> WHAT IS EXPECTED
What you write should match, word for word, the lines from the one containing "Chanel Lambskin Quilted" through the end of the data, with no pictures.

> Scraped caption text data
----

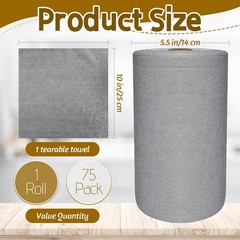 OJYUDD 75 Pack Microfiber Cleaning Cloth Roll,Reusable 10 X 10 Inches, Grey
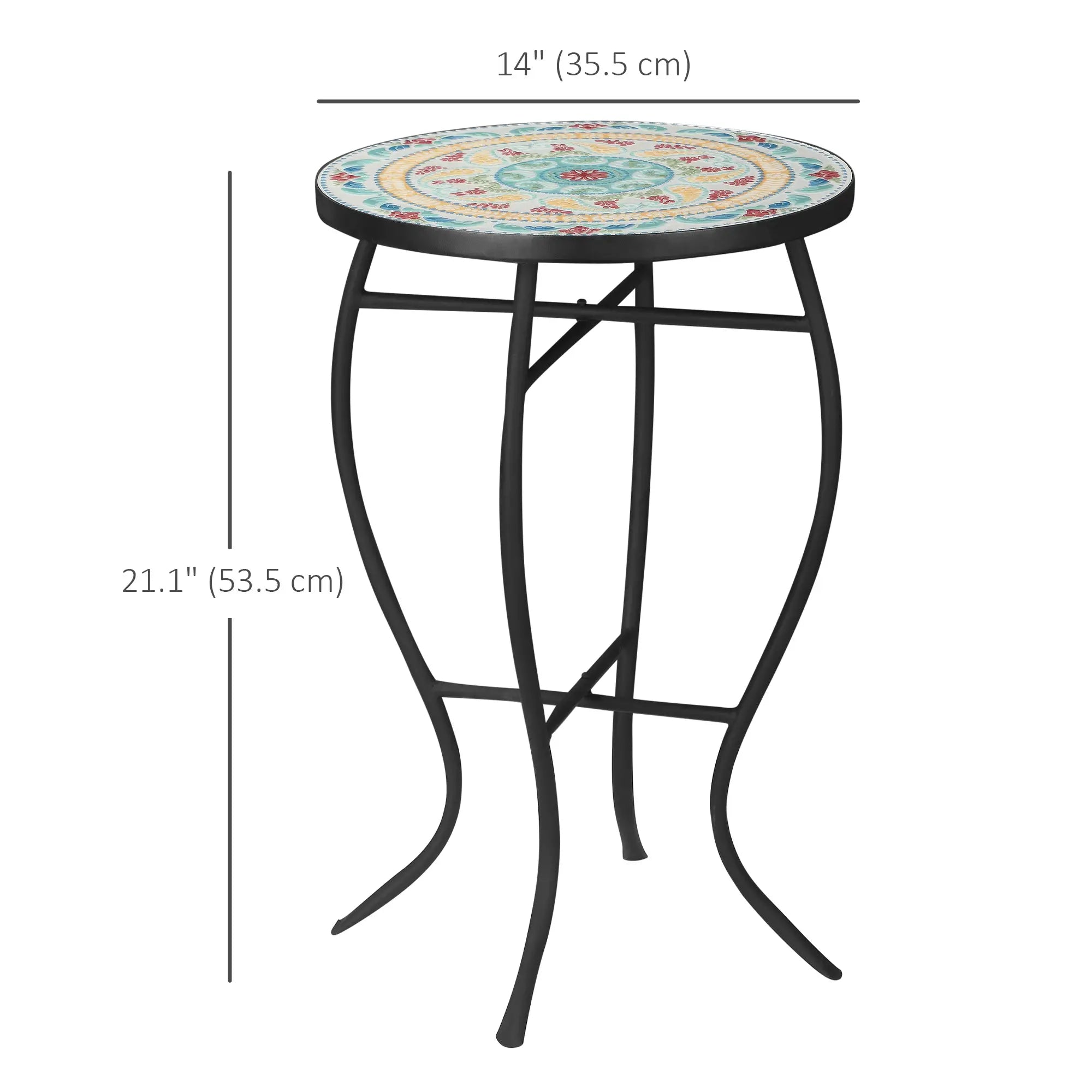 Round Mosaic Patio Table, Metal Frame, Outdoor Garden Furniture, Multicolor Patio Side Tables at Gallery Canada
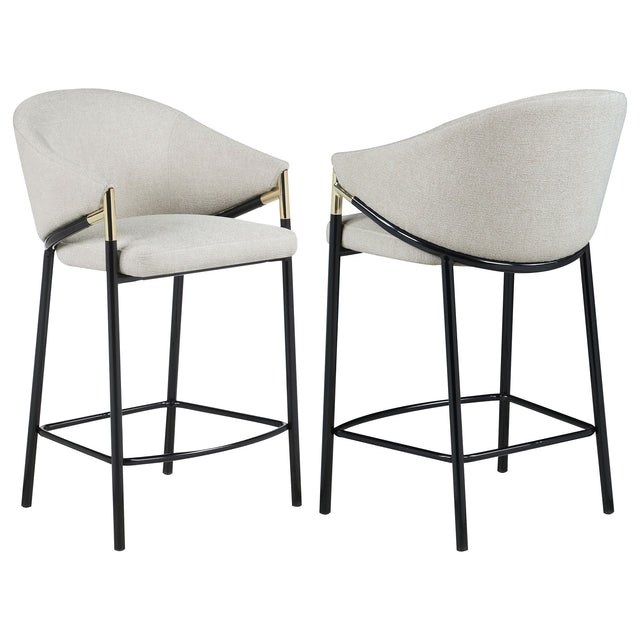 Tampa Furniture Outlet - Coaster - Chadwick Fabric Upholstered Counter Chair Beige (Set of 2) - 183436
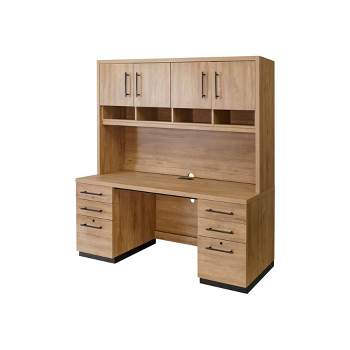 Abbott Contemporary Wood Laminate Wood Doors Hutch Light Brown - Martin Furniture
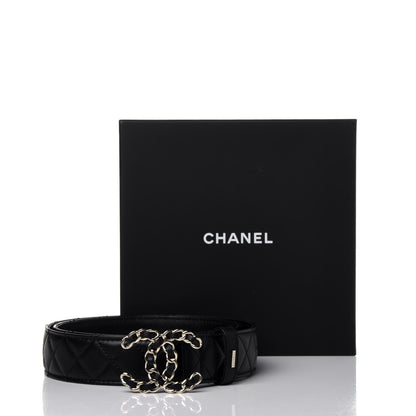Chanel Lambskin Quilted CC Chain Belt 85 34 Black 9 of 9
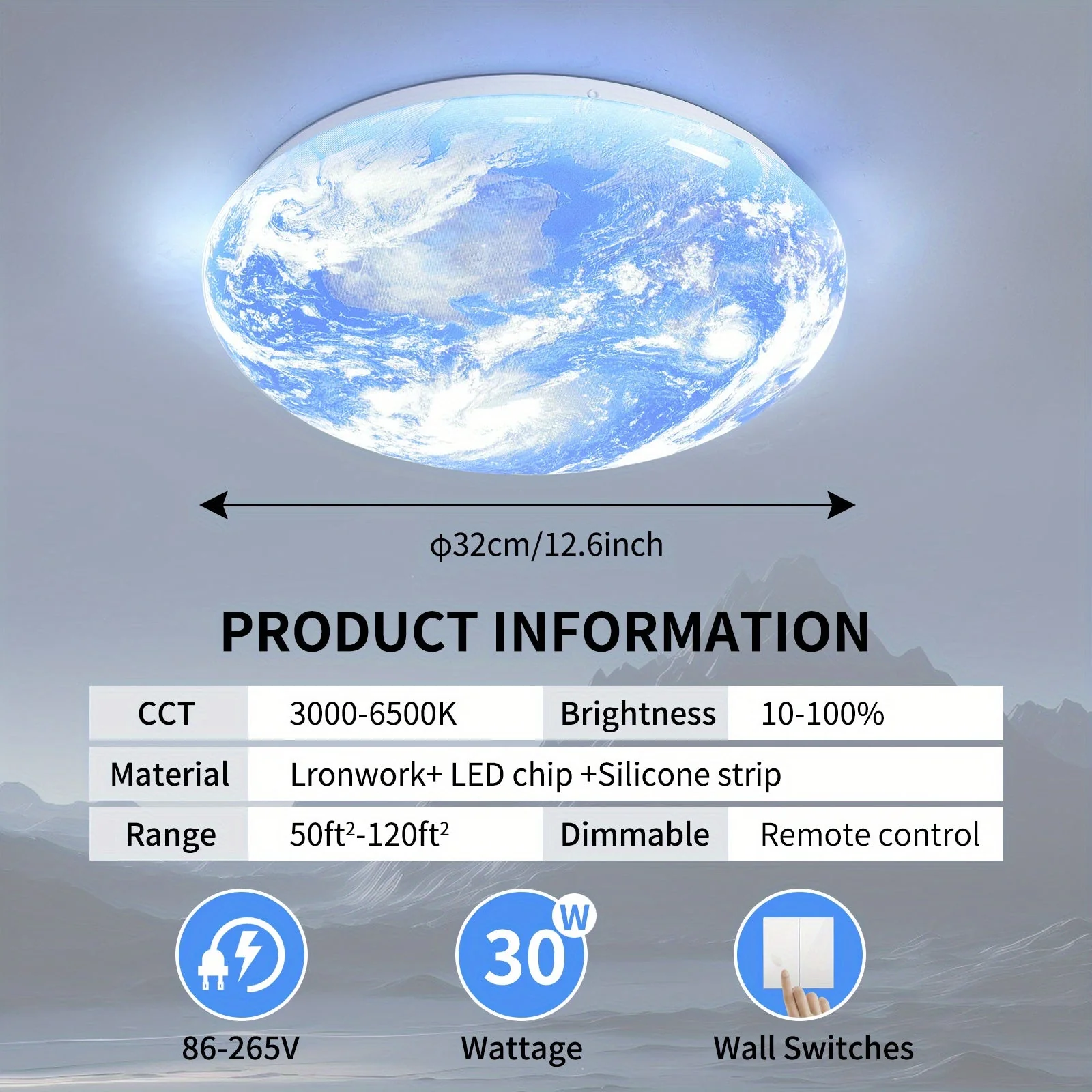 Modern LED Flush Ceiling Light Earth Globe 3CCT Daylight White Smart Control - Image 3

----

> ANSWER SPACE
Chanel Lambskin Quilted CC Chain Belt 85 34 Black 9 of 9
 Modern LED Flush Ceiling Light Earth Globe 3CCT Daylight White Smart Control - Image 3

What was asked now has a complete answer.